Release Notes#
v1.2.0#
SDK Versions#
Audio2Face
: 0.22.4Audio2Emotion
: 0.7.9
Features#
The new service is now available as a downloadable NIM, seamlessly integrating into the NVIDIA NIM ecosystem.
New James 2.3 inference model provides better lip sync quality, stronger upperface expression for different emotions and less lip stretch artifact during silence.
New Claire 2.3 inference model provides better lip sync quality including F V M B P U S sounds and stronger upperface expression for different emotions.
New Mark 2.3 inference model provides better lip sync quality including F V M B P U S sounds.
Introduced support for bidirectional streaming with gRPC, enabling real-time communication between clients and the service while eliminating the need for the previously required A2F Controller.
Added runtime control for clamping blendshape values between 0 and 1.
Integrated OpenTelemetry for advanced observability, providing unified tracing and metrics.
Added functionality to download pre-built TensorRT (TRT) engines from NVCF, reducing service setup complexity.
Introduced an experimental gRPC endpoint for exporting configurations for a running service instance.
Updated the logging system to output application logs in structured JSON format.
v1.0.0#
SDK Versions#
Audio2Face
: 0.17.0Audio2Emotion
: 0.2.2
Features#
New Claire 1.3 inference model provides enhanced lip movement and better accuracy for P and M sounds.
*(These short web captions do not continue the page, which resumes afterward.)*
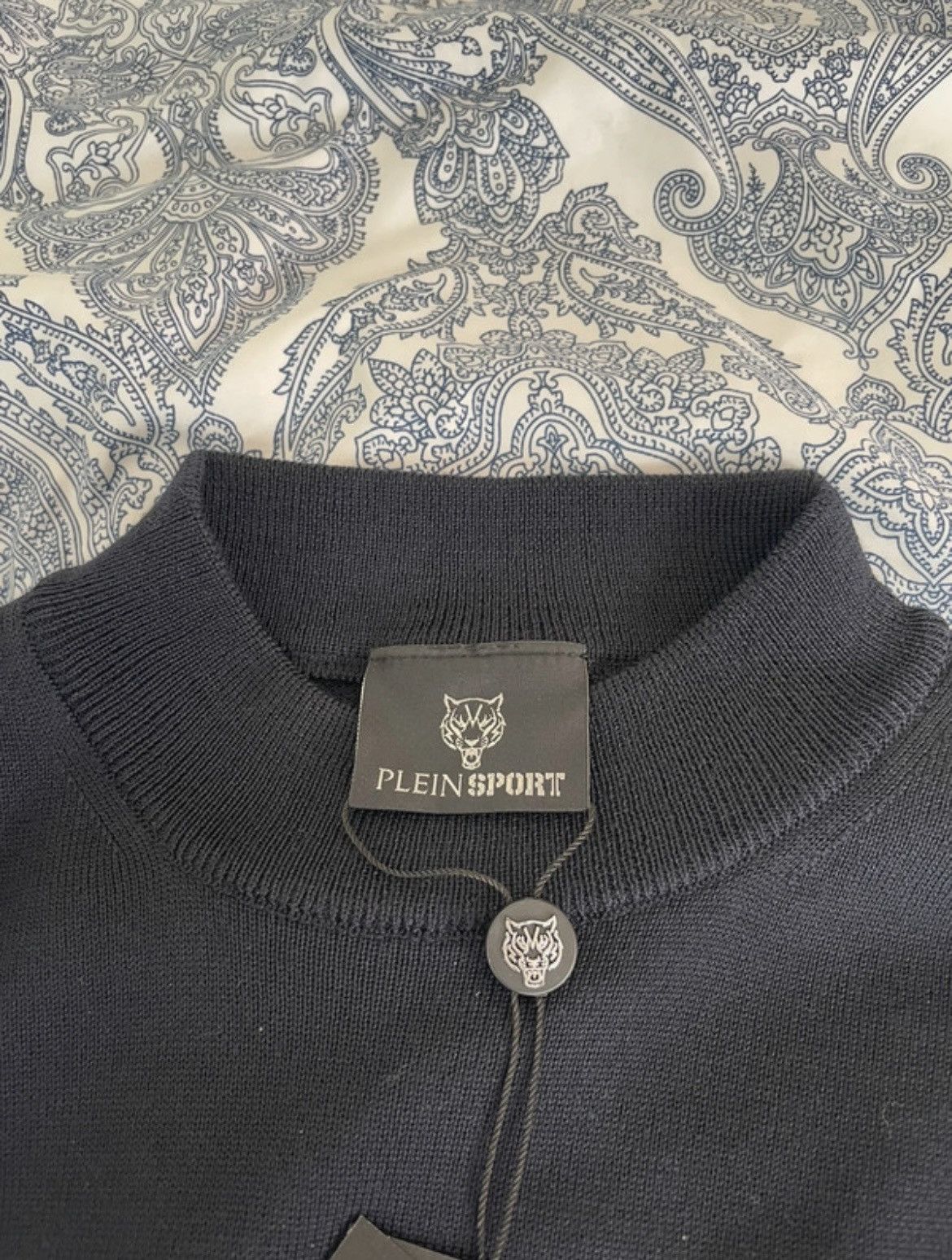 Philipp Plein Plein Sport Merino Wool Mockneck Sweater Navy | Mens M | NWT Size US M / EU 48-50 / 2 - 5 Thumbnail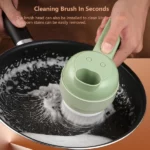 mini hachoir électrique portable 4en1, coupe-légume, trancheuse, éplucheur, brosse nettoyante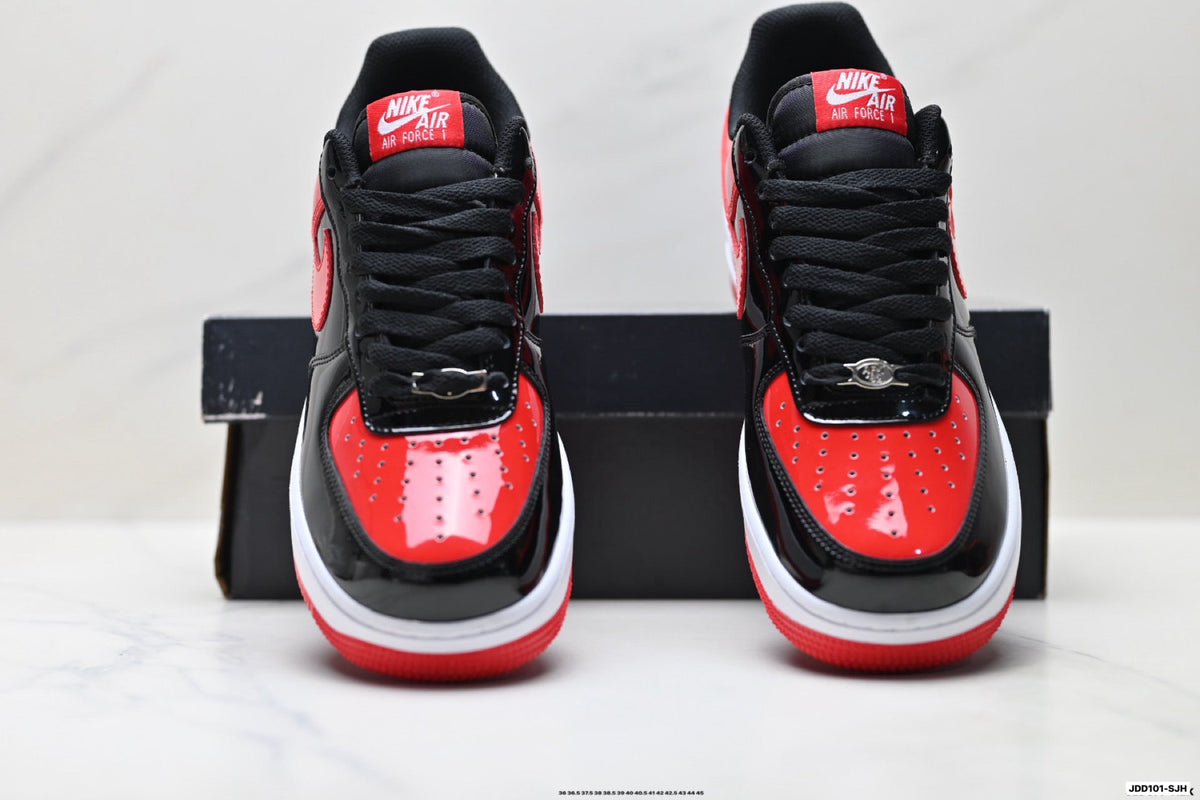 Nike Air Force 1 Low Black Red White Unisex Sneakers Style 01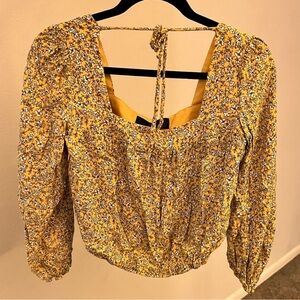 XS Blue Rain yellow floral peasant top with‎ balloon sleeves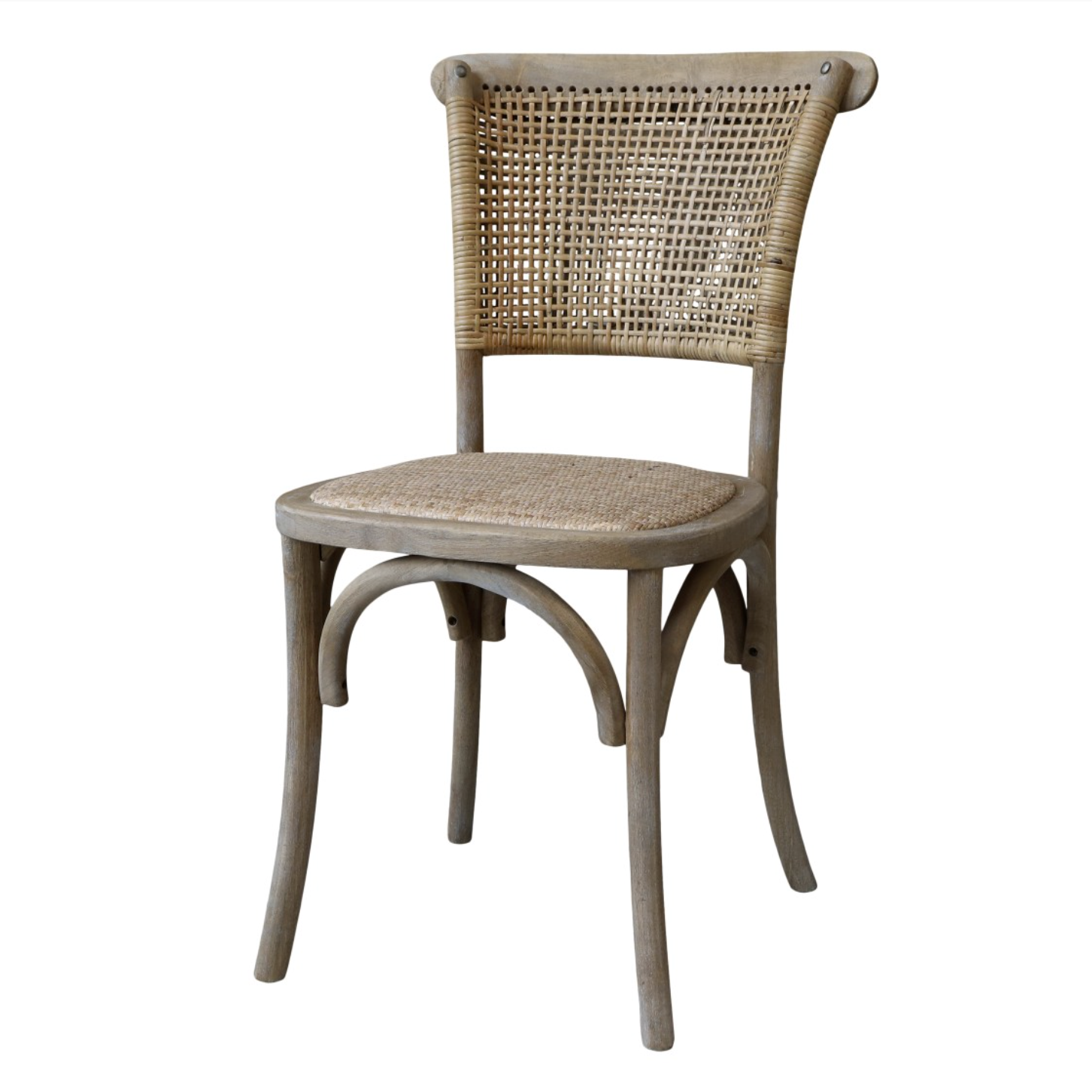 French Farmhouse Wicker Dining Chair – Silver Mushroom
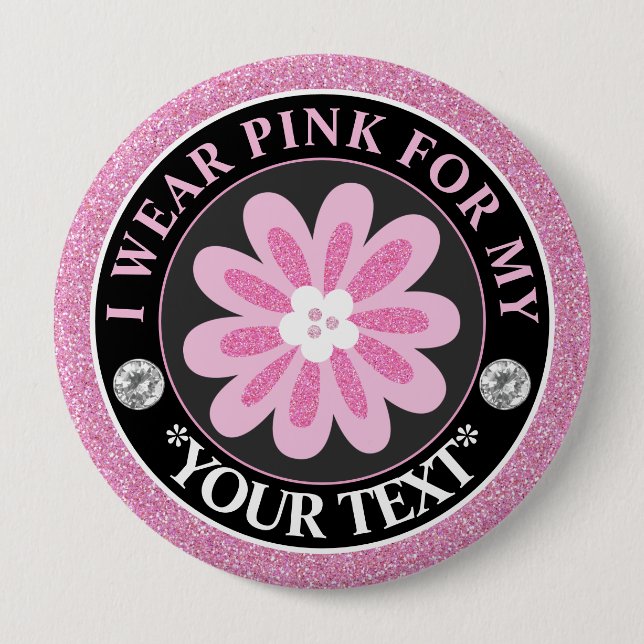 Glitter Flower Breast Cancer Awareness Design Knapp (Framsida)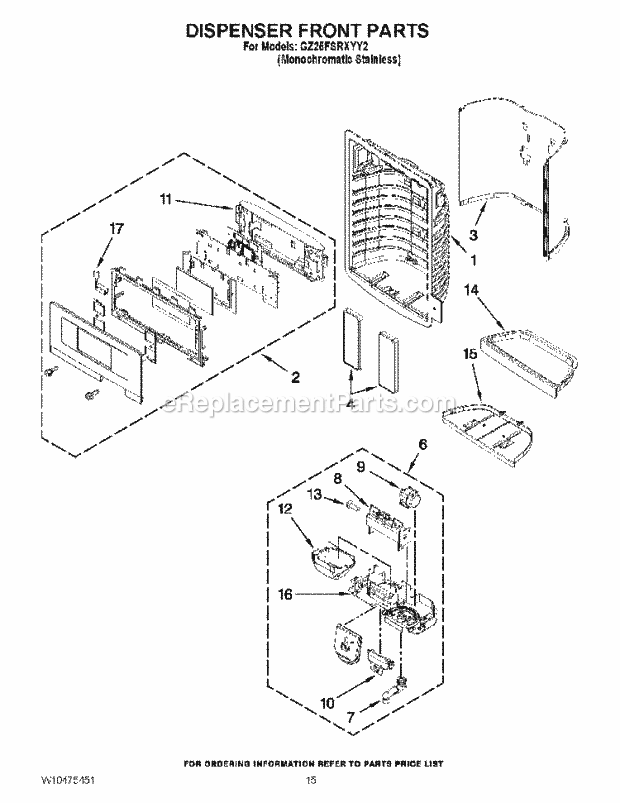 DISPENSER FRONT PARTS Diagram and Parts List for GZ25FSRXYY2  Whirlpool Refrigerator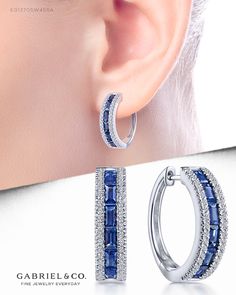 Strands of shimmering 0.36ct pavé diamonds are perfectly paired with central columns of rich blue sapphires in these colorful hoop earrings. Crafted from rich 14k white gold, each huggie hoop is finished with a screwback closure for ultimate security. EG13705W45SA #GabrielNY #DiamondJewelry #FineJewelry#FineJewelry#FashionJewelry#UniqueJewelry#GiftIdeas#UniqueGifts #Earrings #FashionEarrings #HuggieEarrings#SapphireEarrings Luxury Blue Hoop Earrings, Luxury Channel Set Hoop Huggie Earrings, Luxury Halo Huggie Earrings, Luxury Small Hoop Earrings With Halo, Formal Huggie Hoop Earrings With Halo Detail, Formal Halo Huggie Hoop Earrings, Luxury Channel Set Huggie Hoop Earrings, Luxury Huggie Hoop Earrings Channel Set, Filigree Hoop Earrings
New Mark 2.2 inference model provides better lip sync and facial performance quality when used with Metahuman characters.
Users can now specify preferred emotions, enabling personalized outputs tailored to specific applications such as interactive avatars and virtual assistants.
Added emotional output to the microservice to help align other downstream animation components.
New output audio sampling rates supported in addition to 16kHz: 22.05kHz, 44.1kHz, 48kHz.
Added the ability to tune each stream at runtime with unique face parameters, emotions parameters, blendshape multipliers, and blendshape offsets.
Key improvements#
Improved the gRPC protocol to use less data and provide a more efficient stream for scalability. USD parser is no longer required.
Improved blendshape solve threading to improve scalability.